Les experts ayant contribué à ce rapport soulignent que ces trajectoires sont réalisables d'un point de vue géophysique (et nécessitent d'être soutenues au niveau politique) mais ils ne se prononcent pas sur leur crédibilité dans nos sociétés actuelles. Or, ces trajectoires sont totalement incompatibles avec les tendances actuelles.
Pour rappel, les émissions mondiales de CO2 liées à l’énergie ont augmenté de 1,4% en 2017, atteignant un niveau record de 32,5 milliards de tonnes l'an dernier. Cette hausse intervient après 3 années de stabilisation des émissions et « contraste avec la forte réduction nécessaire pour atteindre les objectifs de l’accord de Paris sur le changement climatique », alerte l’AIE. La consommation de toutes les énergies, y compris de charbon, a progressé en 2017 et la part des énergies fossiles compte encore actuellement pour plus de 80% de la consommation mondiale d'énergie primaire.
Les pays asiatiques sont à l’origine de deux tiers de la hausse des émissions mondiales de CO2 relatives à l’énergie en 2017. (©Connaissance des Énergies, d’après AIE)
Les conséquences du réchauffement déjà bien réelles
Le groupe d’experts sur le climat souligne que « les conséquences d’un réchauffement planétaire de 1°C sont déjà bien réelles », comme l’attestent l’augmentation des extrêmes météorologiques, l’élévation du niveau de la mer ou encore la diminution de la banquise arctique.
Le GIEC souligne ainsi les conséquences « qui pourraient être évitées si le réchauffement était limité à 1,5°C, et non à 2°C ou plus ». Le niveau de la mer pourrait par exemple être supérieur de 10 cm dans le scénario 2°C par rapport au scénario 1,5°C selon les experts du climat. Ces derniers jugent que la quasi-totalité des récifs coralliens pourrait disparaître avec un réchauffement de 2°C alors que 10% à 30% pourraient être « épargnés » avec un réchauffement contenu à 1,5°C.

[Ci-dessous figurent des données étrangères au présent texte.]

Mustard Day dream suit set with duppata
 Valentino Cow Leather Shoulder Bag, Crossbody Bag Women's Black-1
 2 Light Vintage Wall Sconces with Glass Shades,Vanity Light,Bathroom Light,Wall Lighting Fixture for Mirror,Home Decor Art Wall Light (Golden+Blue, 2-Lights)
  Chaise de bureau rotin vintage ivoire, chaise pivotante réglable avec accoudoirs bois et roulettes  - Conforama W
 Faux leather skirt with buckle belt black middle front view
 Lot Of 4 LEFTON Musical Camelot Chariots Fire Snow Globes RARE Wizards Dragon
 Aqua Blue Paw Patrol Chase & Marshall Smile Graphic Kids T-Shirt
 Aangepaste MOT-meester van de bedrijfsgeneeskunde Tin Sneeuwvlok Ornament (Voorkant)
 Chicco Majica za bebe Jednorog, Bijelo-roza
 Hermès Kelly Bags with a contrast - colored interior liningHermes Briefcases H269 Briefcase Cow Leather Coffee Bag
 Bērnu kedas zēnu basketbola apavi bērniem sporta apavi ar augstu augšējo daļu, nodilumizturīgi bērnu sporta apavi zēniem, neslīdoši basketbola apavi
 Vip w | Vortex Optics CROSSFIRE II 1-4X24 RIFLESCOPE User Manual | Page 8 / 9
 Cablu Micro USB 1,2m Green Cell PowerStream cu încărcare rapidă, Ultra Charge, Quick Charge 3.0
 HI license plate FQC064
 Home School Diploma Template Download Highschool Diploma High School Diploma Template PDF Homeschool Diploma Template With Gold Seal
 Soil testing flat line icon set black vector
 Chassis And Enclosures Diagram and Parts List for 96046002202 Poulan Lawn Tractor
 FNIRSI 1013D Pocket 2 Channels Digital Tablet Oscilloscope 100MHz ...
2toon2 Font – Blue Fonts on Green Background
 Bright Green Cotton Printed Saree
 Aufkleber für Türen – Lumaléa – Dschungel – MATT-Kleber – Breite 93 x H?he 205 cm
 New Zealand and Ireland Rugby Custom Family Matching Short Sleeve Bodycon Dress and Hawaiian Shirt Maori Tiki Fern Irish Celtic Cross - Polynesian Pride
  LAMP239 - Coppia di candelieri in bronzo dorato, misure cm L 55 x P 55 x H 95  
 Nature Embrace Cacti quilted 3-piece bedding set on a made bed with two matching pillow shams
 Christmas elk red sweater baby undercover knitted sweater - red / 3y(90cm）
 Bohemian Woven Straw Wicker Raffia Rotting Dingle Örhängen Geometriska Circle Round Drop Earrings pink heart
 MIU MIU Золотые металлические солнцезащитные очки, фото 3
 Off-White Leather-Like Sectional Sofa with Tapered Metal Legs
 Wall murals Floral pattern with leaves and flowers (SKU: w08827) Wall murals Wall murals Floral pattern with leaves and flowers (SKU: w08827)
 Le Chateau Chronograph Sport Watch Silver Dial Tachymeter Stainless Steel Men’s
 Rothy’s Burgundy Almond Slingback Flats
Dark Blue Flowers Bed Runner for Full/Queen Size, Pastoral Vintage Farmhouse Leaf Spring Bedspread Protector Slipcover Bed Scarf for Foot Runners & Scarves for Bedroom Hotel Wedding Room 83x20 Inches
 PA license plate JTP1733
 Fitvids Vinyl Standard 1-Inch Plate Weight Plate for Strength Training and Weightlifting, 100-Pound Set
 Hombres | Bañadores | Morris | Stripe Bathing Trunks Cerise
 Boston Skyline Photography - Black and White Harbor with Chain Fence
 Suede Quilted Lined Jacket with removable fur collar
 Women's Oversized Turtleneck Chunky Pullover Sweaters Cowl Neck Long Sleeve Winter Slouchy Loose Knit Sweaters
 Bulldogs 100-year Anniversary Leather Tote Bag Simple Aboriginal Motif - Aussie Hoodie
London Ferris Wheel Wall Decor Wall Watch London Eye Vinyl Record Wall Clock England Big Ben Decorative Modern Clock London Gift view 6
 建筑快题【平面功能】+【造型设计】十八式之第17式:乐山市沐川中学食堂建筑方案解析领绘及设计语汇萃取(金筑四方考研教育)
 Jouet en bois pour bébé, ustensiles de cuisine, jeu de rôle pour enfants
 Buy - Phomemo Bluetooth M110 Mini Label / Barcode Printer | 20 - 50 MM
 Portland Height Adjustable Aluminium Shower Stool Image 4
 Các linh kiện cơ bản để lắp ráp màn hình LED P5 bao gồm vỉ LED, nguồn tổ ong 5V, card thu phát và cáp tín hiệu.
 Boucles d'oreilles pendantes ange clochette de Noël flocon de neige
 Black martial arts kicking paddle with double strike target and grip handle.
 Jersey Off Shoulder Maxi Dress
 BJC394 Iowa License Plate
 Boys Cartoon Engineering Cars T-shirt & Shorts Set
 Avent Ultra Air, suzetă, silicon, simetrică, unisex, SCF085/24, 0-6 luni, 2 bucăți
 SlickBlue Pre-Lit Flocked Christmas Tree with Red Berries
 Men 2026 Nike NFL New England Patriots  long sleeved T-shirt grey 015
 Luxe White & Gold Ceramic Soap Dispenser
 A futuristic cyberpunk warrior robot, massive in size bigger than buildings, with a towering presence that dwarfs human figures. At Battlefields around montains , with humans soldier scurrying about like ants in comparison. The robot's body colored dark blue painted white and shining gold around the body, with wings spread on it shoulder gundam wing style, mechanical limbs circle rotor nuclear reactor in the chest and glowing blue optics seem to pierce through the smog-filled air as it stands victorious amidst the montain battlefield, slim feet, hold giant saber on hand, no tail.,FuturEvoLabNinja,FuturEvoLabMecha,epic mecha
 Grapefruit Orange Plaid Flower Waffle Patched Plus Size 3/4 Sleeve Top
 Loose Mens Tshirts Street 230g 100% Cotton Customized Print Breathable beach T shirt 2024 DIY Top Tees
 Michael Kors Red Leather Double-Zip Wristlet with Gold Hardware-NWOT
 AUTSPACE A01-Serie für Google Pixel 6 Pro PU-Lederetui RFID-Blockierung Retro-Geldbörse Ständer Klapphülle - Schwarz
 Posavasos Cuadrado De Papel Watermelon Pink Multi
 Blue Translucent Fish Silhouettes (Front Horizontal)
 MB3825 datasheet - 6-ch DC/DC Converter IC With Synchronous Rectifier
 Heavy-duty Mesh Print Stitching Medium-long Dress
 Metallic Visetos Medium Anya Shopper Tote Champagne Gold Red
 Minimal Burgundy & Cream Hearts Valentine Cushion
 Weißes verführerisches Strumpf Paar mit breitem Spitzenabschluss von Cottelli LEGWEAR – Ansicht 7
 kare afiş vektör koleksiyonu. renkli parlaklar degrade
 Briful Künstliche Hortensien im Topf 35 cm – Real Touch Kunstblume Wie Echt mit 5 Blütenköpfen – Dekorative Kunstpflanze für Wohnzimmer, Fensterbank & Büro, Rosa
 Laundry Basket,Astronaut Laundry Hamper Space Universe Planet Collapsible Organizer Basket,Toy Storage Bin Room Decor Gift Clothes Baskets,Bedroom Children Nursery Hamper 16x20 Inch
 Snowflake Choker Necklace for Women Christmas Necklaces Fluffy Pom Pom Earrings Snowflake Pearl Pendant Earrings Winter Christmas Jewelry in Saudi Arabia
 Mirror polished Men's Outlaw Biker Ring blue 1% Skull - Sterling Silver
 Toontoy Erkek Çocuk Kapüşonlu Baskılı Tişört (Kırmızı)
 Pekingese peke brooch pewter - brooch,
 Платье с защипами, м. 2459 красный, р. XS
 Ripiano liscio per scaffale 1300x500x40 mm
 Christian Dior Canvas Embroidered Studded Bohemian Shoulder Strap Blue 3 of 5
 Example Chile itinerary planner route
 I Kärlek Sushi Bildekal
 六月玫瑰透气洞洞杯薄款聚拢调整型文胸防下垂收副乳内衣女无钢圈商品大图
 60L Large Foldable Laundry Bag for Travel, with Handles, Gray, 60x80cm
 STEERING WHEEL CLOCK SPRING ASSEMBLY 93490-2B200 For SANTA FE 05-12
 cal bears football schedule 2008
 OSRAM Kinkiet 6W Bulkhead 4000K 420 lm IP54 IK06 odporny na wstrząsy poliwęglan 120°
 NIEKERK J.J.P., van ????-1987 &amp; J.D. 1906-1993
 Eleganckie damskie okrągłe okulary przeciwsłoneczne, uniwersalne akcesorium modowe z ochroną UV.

Le sentiment d'urgence domine plus que jamais dans le rapport spécial du GIEC, élaboré par 91 auteurs provenant de 40 pays, avec près de 6 000 citations scientifiques. Ce rapport « Réchauffement planétaire de 1,5°C » est le premier d’une série de publications spéciales dans le cadre du 6e cycle d’évaluation du GIEC. Devraient notamment être publiés courant 2019 un rapport consacré à « l’océan et la cryosphère dans le contexte du changement climatique » et un autre portant sur l’incidence de ce changement sur l’utilisation des terres.
D’ici là, les décideurs du monde entier doivent se réunir à Katowice du 3 au 14 décembre 2018 lors de la COP24, pour réaliser un état des lieux sur l’Accord de Paris et s’engager plus en avant, à la lumière du nouvel avertissement du GIEC.